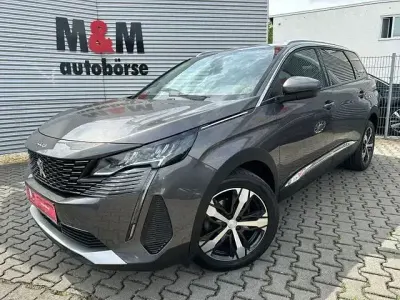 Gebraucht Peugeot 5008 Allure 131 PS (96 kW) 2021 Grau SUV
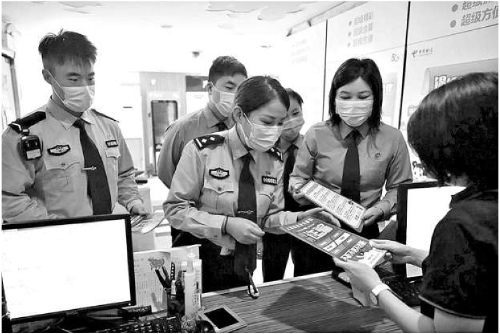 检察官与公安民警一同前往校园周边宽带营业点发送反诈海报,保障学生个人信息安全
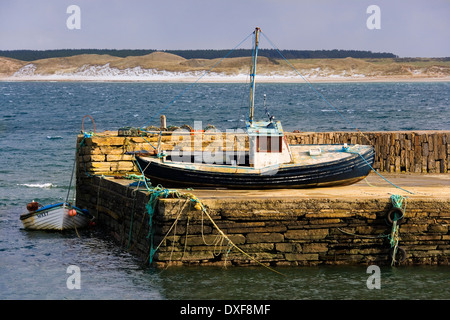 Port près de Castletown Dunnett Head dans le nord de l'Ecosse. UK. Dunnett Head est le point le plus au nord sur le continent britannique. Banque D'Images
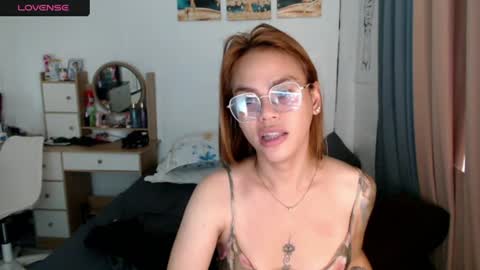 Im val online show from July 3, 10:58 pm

* * * * * * * * *

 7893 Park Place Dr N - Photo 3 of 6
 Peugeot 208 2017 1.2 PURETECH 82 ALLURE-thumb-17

* * * * * * * * *

=== ASSIGNMENT ===
Look above for the line with "Gebraucht Peugeot 5008"; quote it and every line after it, stopping after the line with "Im val online show from July 3, 10:58 pm", exactly, with nothing added and without pictures.

=== RESPONSE TO THIS TASK ===
 Gebraucht Peugeot 5008 Allure 131 PS (96 kW) 2021 Grau SUV
 检察官与公安民警一同前往校园周边宽带营业点发送反诈海报,保障学生个人信息安全
 Port près de Castletown Dunnett Head dans le nord de l'Ecosse. UK. Dunnett Head est le point le plus au nord sur le continent britannique. Banque D'Images
 Im val online show from July 3, 10:58 pm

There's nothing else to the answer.